For the 36-year-old Joshna Chinappa, the Indian Squash Academy courts in Chennai are where it all started. As a 14-year-old playing in her first National final against Vaidehi Reddy in 2000, Joshna had given ample glimpse of her growing potential. She defeated the senior player in four games.
Twenty-two years have passed, and Joshna still remains the best at the domestic level. From 2000 to 2022, Joshna has failed to win the title only three times. In 2002, she lost to Mekala Subedar in the summit clash, while in 2011, she didn’t take part. In 2016, she lost to Dipika Pallikal in the final.
Joshna’s domination continued in the HCL-78th Senior Nationals at the Indian Squash and Triathlon Academy in Chennai as she outplayed 14-year-old Anahat Singh. Anahat, playing in her maiden National final, fought hard though.
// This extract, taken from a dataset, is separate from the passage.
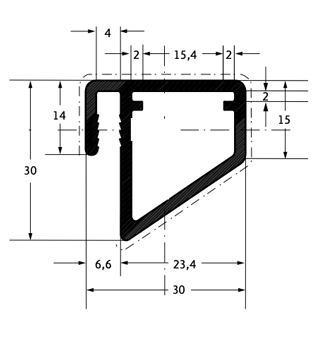 Aluminiumspezialprofil fr ALUCOBOND Aluminium gepresst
Joshna had withdrawn from the PSA World Championships in May due to illness and suffered a minor knee injury at the end of August this year which forced her to skip a few PSA tournaments, including the Grasshopper Cup. And she was not sure of participating in the 2022-23 Senior Nationals.
Speaking to Sportstar after her record 19th title, Joshna, a former World No. 10 said: “It feels great to win 19 titles. For four months, I was out of it after the knee problem. I was not sure of taking part in the Senior Nationals and decided to compete only a few days before the event. This will be a good preparation for future events.”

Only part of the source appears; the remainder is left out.